A ação corresponderia à primeira etapa da vitoriosa revolução cubana que teria como desfecho final o 31 de Dezembro de 1958 com a fuga do sanguinário ditador Batista da Ilha e a efetiva tomada do poder político pelas forças revolucionárias em 1º de Janeiro de 1959.
“A História Me Absolverá” por sua vez é a defesa de Fidel Castro
dentro do processo crime instaurado após a ação do 26 de Julho. Não se tratava
evidentemente de uma mera peça jurídica: desde 10 de Março de 1952 com o Golpe
Militar de Batista, Cuba vivia sob um estado de exceção, com todas as garantias
constitucionais suspensas, sendo aquele processo e especialmente o tratamento
bárbaro dado pelos militares tanto à população civil de Santiago de Cuba quanto
aos homens do movimento do 26 de Julho o maior testemunho de que não havia em
Cuba nada semelhante a uma situação de normalidade democrática.

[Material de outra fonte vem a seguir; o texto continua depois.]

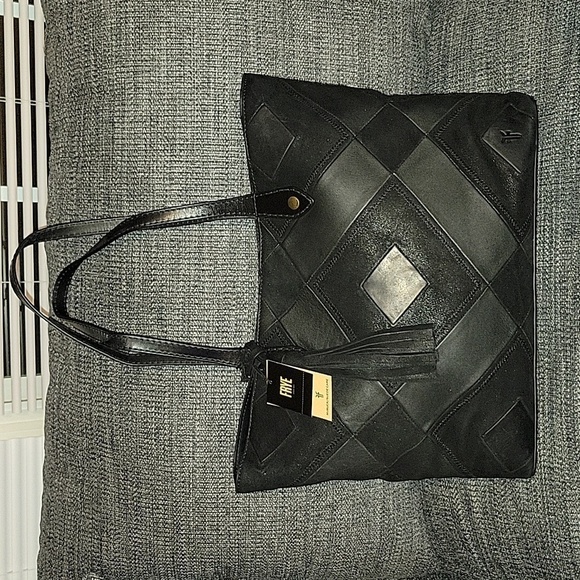 Frye Handbags - FRYE Black Miren Leather Patchwork Shopper Tote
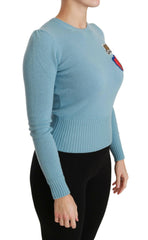 Dolce & Gabbana Blue Wool Queen Heart Pullover Sweater -   -  Dolce & Gabbana.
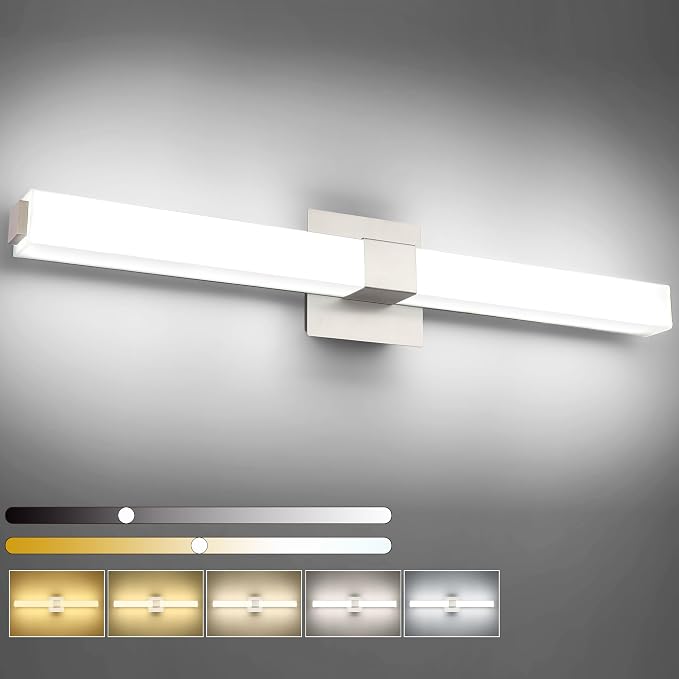 Modern Bahtoom Vanity Light Brushed Nickel, Bathroom LED Lights 32 Inch, 5CCT Dimmable Wall Lighting Fixtures for Bathroom Over Mirror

Sabe-se que o exército de Batista conseguiu apenas reprimir
a ação dos revolucionários diante de sua enorme maioria em homens e armas –
ainda assim a vantagem moral dos revolucionários fizeram com que o exército
tivesse 3 vezes mais baixas nos conflitos do assalto de Moncada. Diante disso,
nos três dias subsequentes à ação dos homens de Fidel, ordens superiores deram
instruções para que, após o conflito e da forma mais covarde, se executasse
dentro da prisão e mesmo nos hospitais, arrancando das camas os feridos, pelo
menos 70 deles combatentes do Moncada – tudo para não macular a “imagem” do
exército. A população de Santiago de Cuba igualmente sofreu dos abusos do
exército, com muitos presos e mortos confundidos com revolucionários.
Quanto ao processo judicial, tentaram de todas as formas
calar Fidel Castro, inclusive manobrando para que ele não comparecesse à
audiência sob suposta existência de enfermidade inexistente.

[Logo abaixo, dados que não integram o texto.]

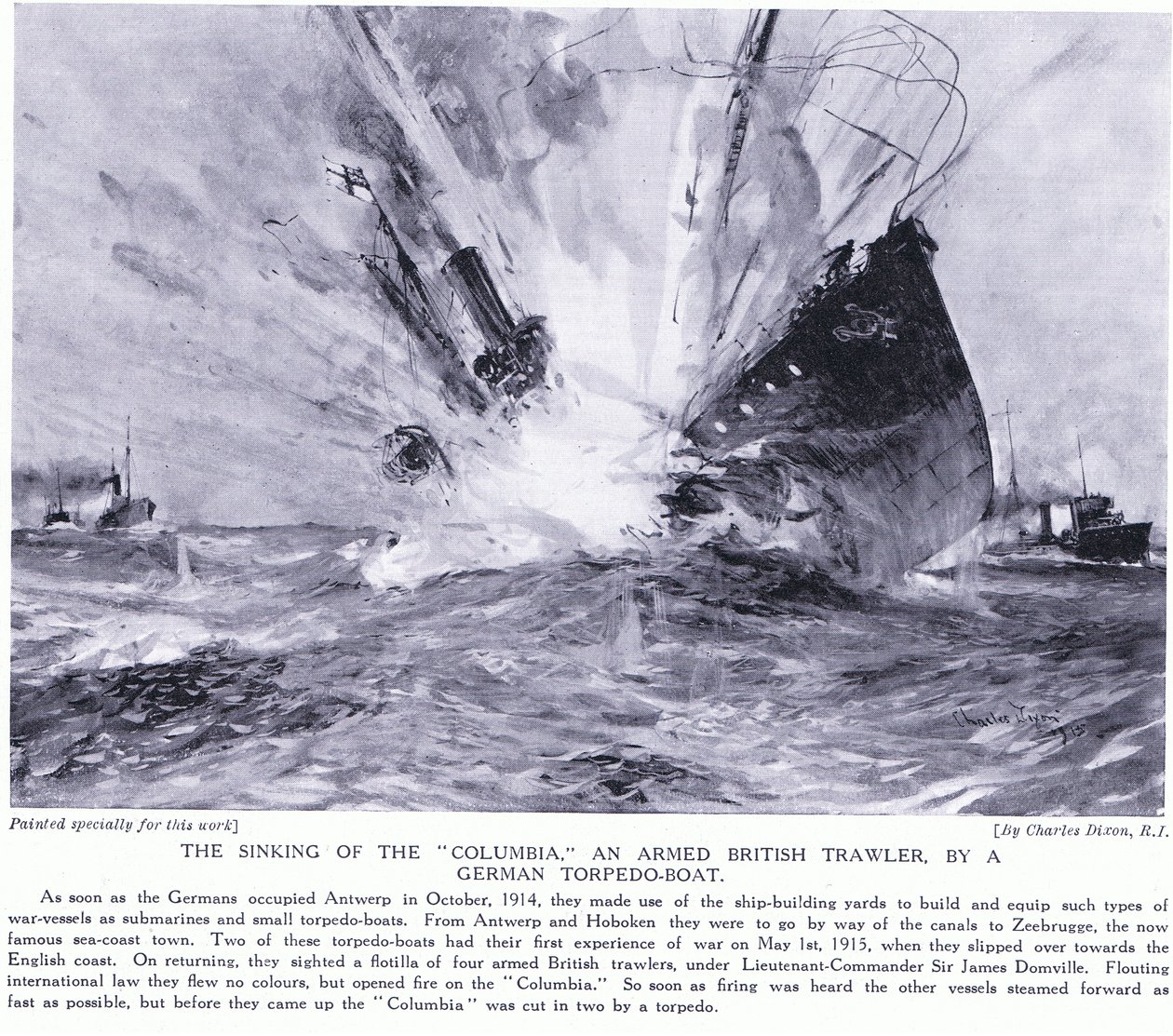 Das Sinken der Columbia, eines bewaffneten britischen Trawlers, durch ein deutsches Torpedoboot an der englischen Küste im Oktober 1914 von Charles Edward Dixon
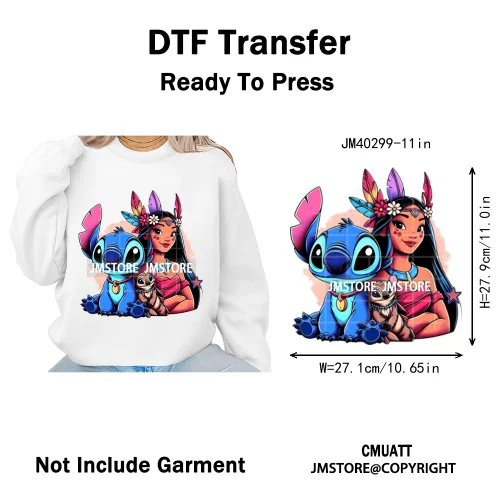 Cute Cartoon Blue Animal Princess Best Friends Designs Iron on DTF Washable Transfers Stickers Ready to Press for Clothing Bags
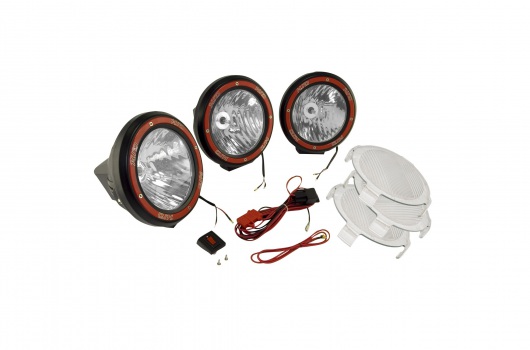 5 Inch Round HID Off Road Light Kit, Black Composite Housing, Set of 3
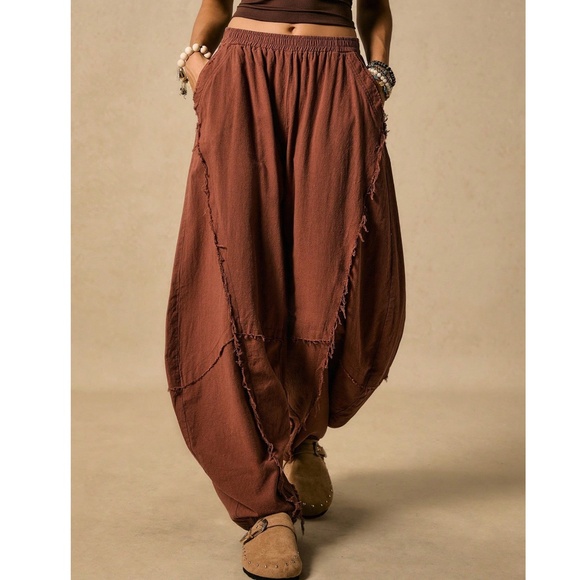 Boho Rust Brown Solid Stretchy waist Pockets Frayed Detail Harem Pants - Picture 8 of 10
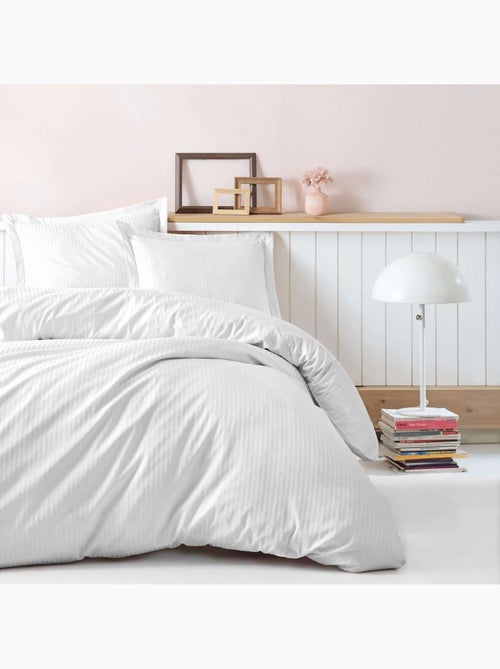 Parure de lit enfant 100% satin de coton Uni - Stripe - Kiabi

Observa-se pelo pronunciamento que àquele momento a
revolução cubana tinha um caráter anti-latifundiário, lutava contra a corrupção
na política e buscava maior justiça social, ainda não possuindo caráter socialista
– este apenas decorre de momento posterior à tomada do poder com as
contradições frente ao imperialismo norte-americano em 1961.

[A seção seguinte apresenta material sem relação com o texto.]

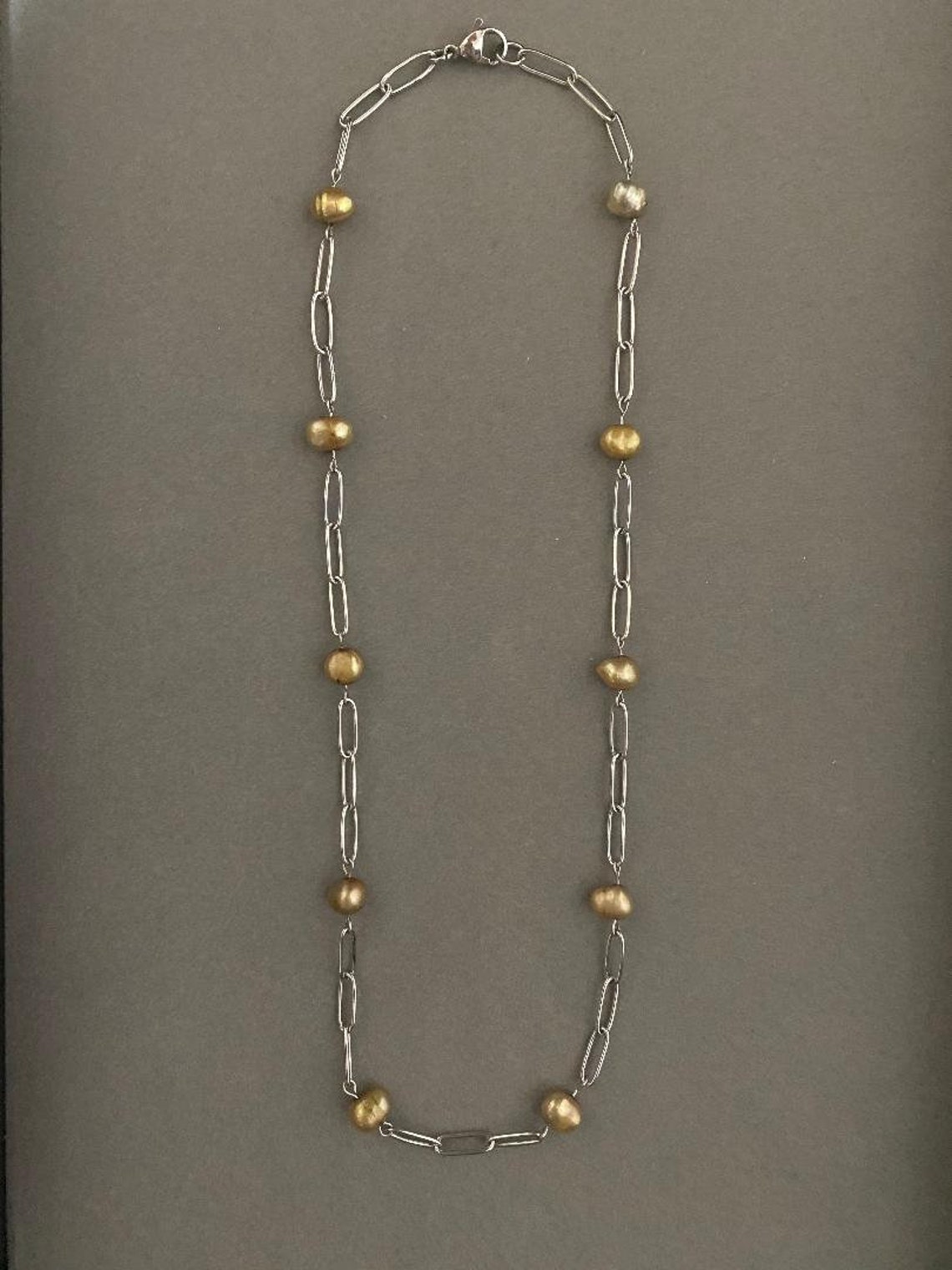 Freshwater Pearl Paper Clip Chain Necklace Fashion durable Etsy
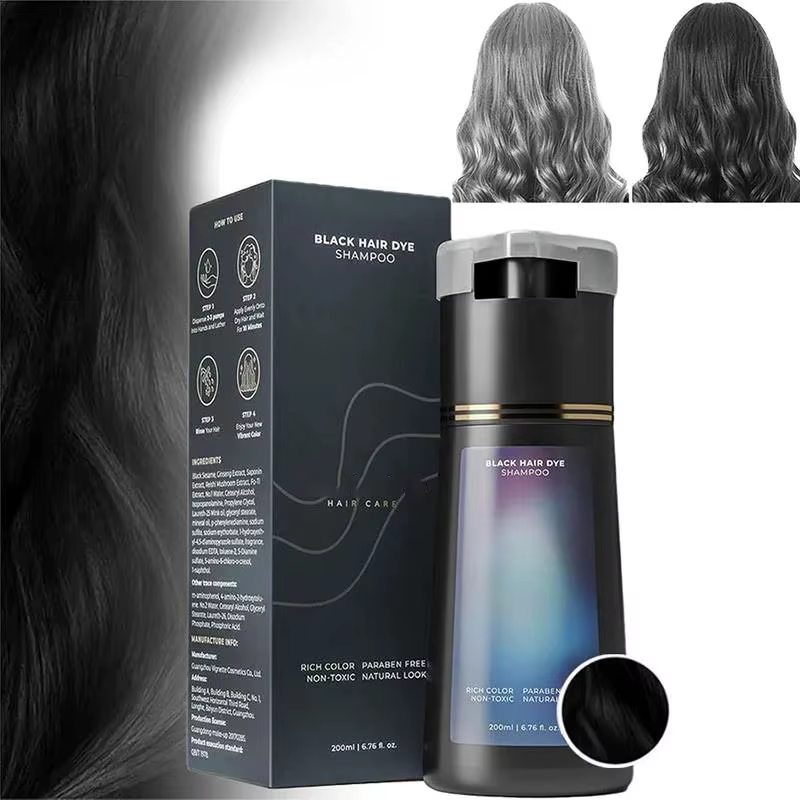 Shampoing moelleux pour teinture capillaire 3 en 1, couleur rapide, noirage blanc, contrôle de l'hui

São basicamente as seguintes tarefas colocadas pelos
revolucionários de Moncada: (i) restituir a soberania ao povo e proclamar a
constituição de 1940 como a verdadeira lei suprema de Cuba – e aqui vale
ressaltar que Batista editou leis que se sobrepunham a esta constituição dando
poderes a conselho de ministros que a qualquer momento podiam modificar
cláusulas consideradas pétreas num estado democrático como regime de governo
(monarquia, república), separação de poderes, etc. , revelando o mais absoluto
arbítrio; (ii) concessão da propriedade da terra desimpedida e intransferível a
todos os colonos, subcolonos, arrendatários, parceiros e posseiros que
ocupassem cinco ou menos caballerias ( 5 x 13 430 m) de terra, indenizando o
estado a seus antigos proprietários à base da renda média das referias parcelas
no curso de dez anos; (iii) concessão aos operário e empregados de direito à
participação de trinta por cento dos lucros de todas as grandes empresas industriais,
mercantis e mineiras, inclusive açucareiras, exceto exclusivamente agrícolas;
(iv) todos os colonos teriam direito de participar de 55% do rendimento da cana
e a cota mínima de 40 mil arrobas a todos pequenos colonos; (v) confisco total
de todos os bens dos corruptos, coniventes e herdeiros.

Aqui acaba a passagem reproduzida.